In 2018, she was inspired to add a red wine to her label, but wanted a unique one. She began exploring Hawke’s Bay Merlot with the aim to give it the “appeal that people like about Pinot Noir,” like “fragrance [and] texture but lightness and freshness in the mouth.”

As she works as the winemaker for William Murdoch Wines, and adores the character of their organic vineyard, she bought some fruit from them. She wild fermented it in oak, with whole bunch Malbec and Cab Franc “for texture and fragrance.” She explains that she “didn’t know what was going to happen” and that she was “being guided by the wine.” She basket pressed it and aged it in barrel, taking it out 18 months later in mid-September. Her red wine will be called “Doris” after her grandmother; Doris was “formidable, way ahead of her time, had vision, [and] didn’t follow any conventions.” Jenny’s favorite memory of her is her purple hair, so watch for that on the label. For the wine to represent its unconventional style, Jenny is also putting it in a Burgundy bottle, not a Bordeaux bottle, like other Merlots. She doesn’t want people to “taste it as a Merlot,” but rather “a red wine.” Doris is being bottled in October, and will likely be released next Autumn, “based on how she looks.” Jenny has carried on with Doris in this past 2019 vintage, and has some ideas to expand her label in 2020. She describes her current production as “tiny” at 80 cases or less of Fiano.

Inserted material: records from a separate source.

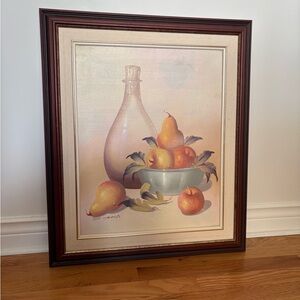 Vintage still life oil painting by Violette De Mazia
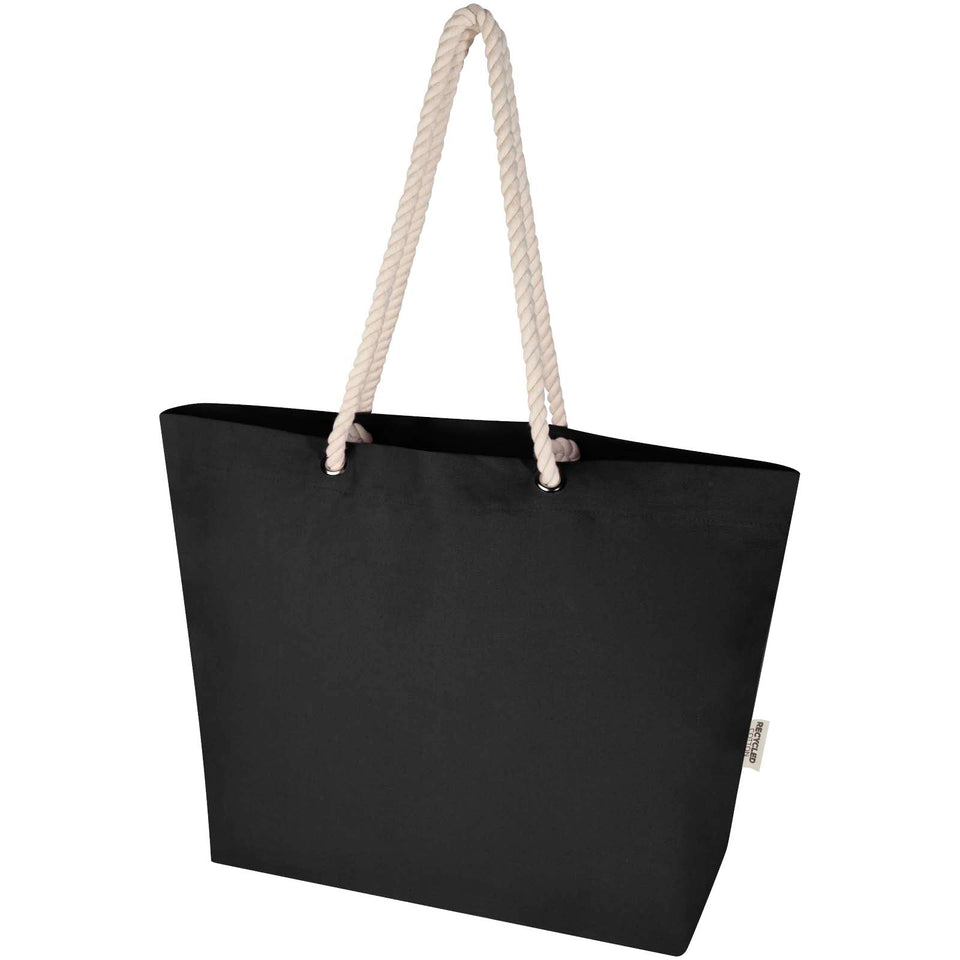 Tote bag da spiaggia in materiale riciclato certificato GRS 270 g/m² Florida personalizzato con logo - Pubblienne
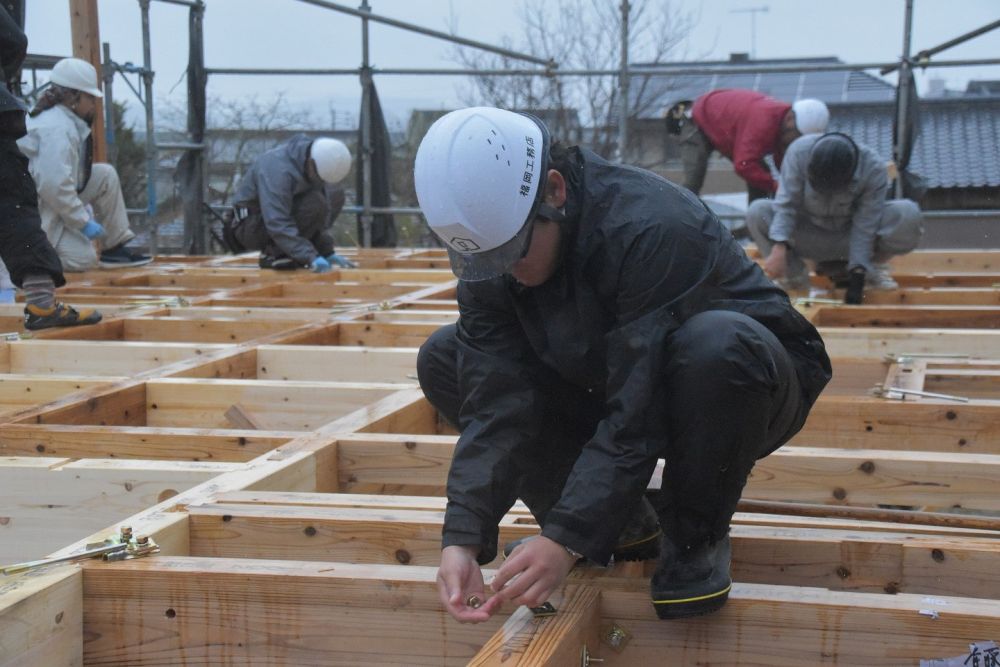 福岡市西区飯氏01　注文住宅建築現場リポート⑤　～上棟式～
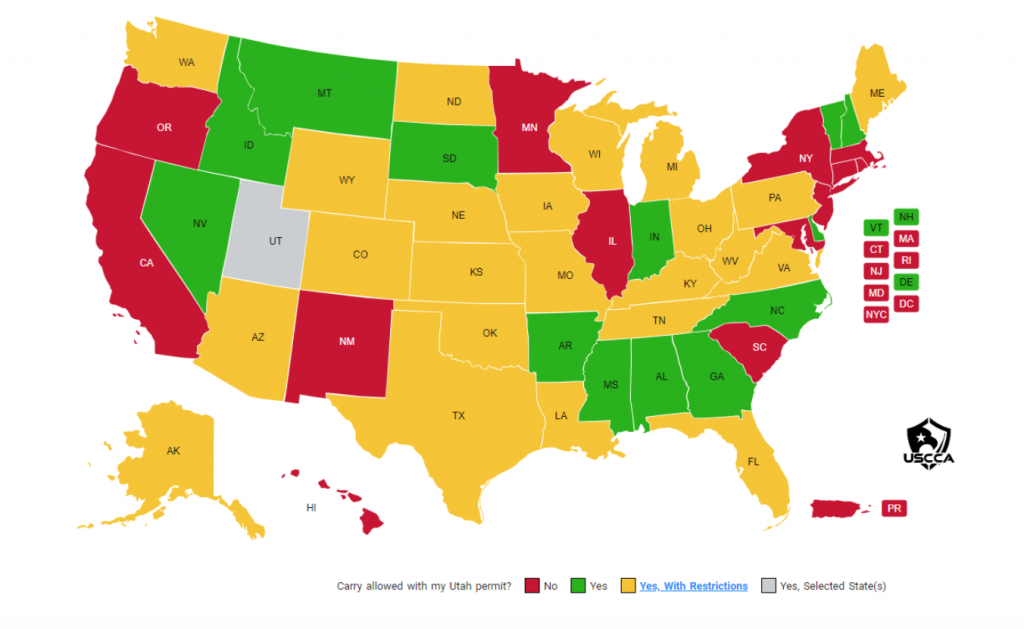 Best Concealed Carry Guns USCCA's CCW Map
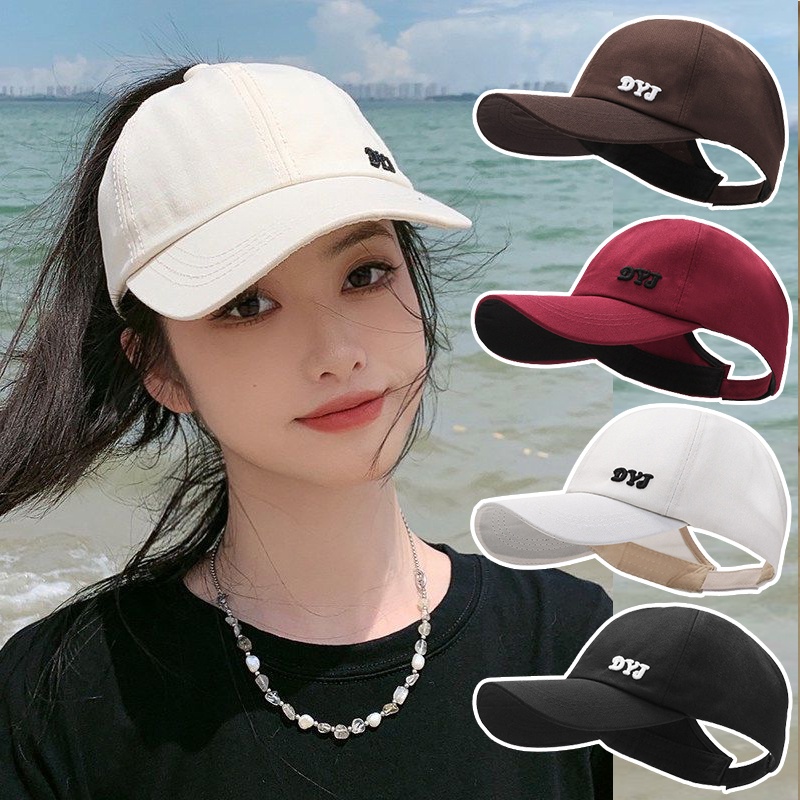 Mũ Lưỡi Trai Mềm Thoáng Khí Thấm Hút Mồ Hôi 6 Màu Tùy Chọn Thời Trang Cho Nữ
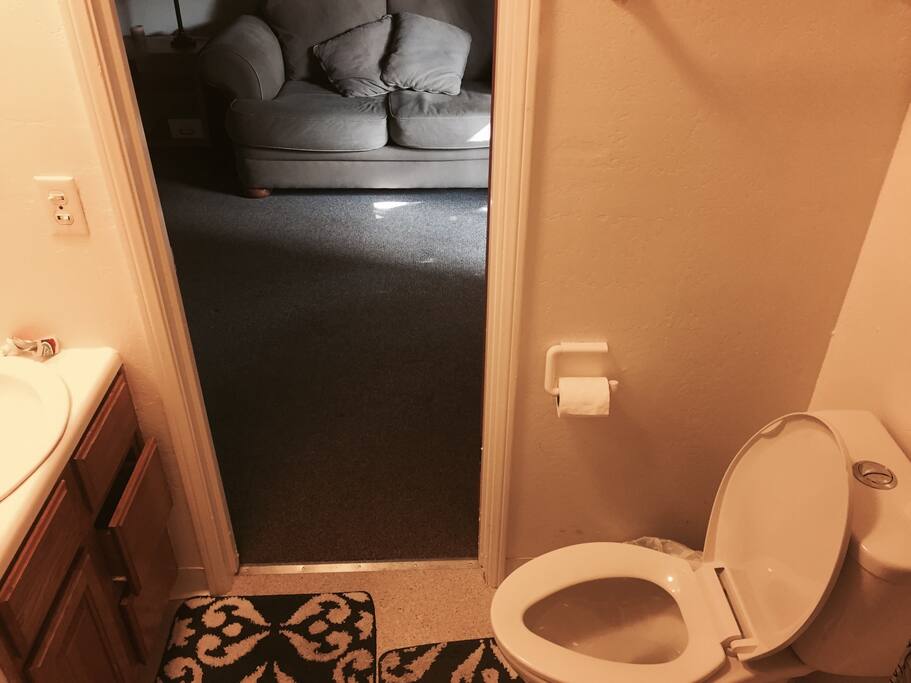 One private bathroom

Because Jenny is always reading and learning, the 2019 Fiano has some new elements in the winemaking. She had read a study about Fiano that claimed that the skins have a compound in them that can contribute additional flavours, and that soaking some skins in the juice could enhance the character of the wine. Jenny did a 4 L trial tank to test out that theory. She bottled off a small amount of the trial tank for future testing to determine what she wants to do for the 2020 vintage. She says, “even with tiny amounts, you have to always be open minded and thinking of what you can do. Can I make a better wine? A different wine?”

When I asked Jenny out of all the wines she’s made, which she’s most proud of, she answered, “all of them!” She said they’re “like my children.” Some of her favorites are from the “difficult vintages, where you come out with something so good. It’s not the standout best in a line-up, but it’s best because you know the elements and Mother Nature were against you, but you’ve worked with it to produce something so good; it makes you feel really satisfied.”

Jenny’s story is amazing, but it’s not without challenges, many of which have been related to her gender. She says that being a woman is “an extra challenge that men don’t have to factor in.” When she was working in France in the 80’s, there were “signs outside cellars saying women weren’t allowed to enter the cellar.” They had “funny ideas” like the fact that “women had funny acids in their body that turned wine to vinegar, or if a woman had her period and came into the cellar the wine would re-ferment every month.”

Jenny was the first female maitre de chai in the Medoc; being a history maker leaves an incredible legacy, but it’s never easy. “It was a male dominated business” and people wondered how women would be able to manage the home, a family, and a career in wine. “Women were shut out because the industry people knew it was all encompassing.” When she did eventually have her children, she took a few days off, and was then right back into the work. She breast fed in the vineyard, with her baby strapped to her chest. She was bottling (not milk – wine) 3 days after giving birth. She lived on site, and the kids grew up around the vineyard and the winery. She successfully accomplished being a wife, mother and a winemaker. She had to overcome being the only woman making wine in the Medoc, but she did it. How? “My wines spoke for themselves.” She proved herself to the French people. She truly is a legend.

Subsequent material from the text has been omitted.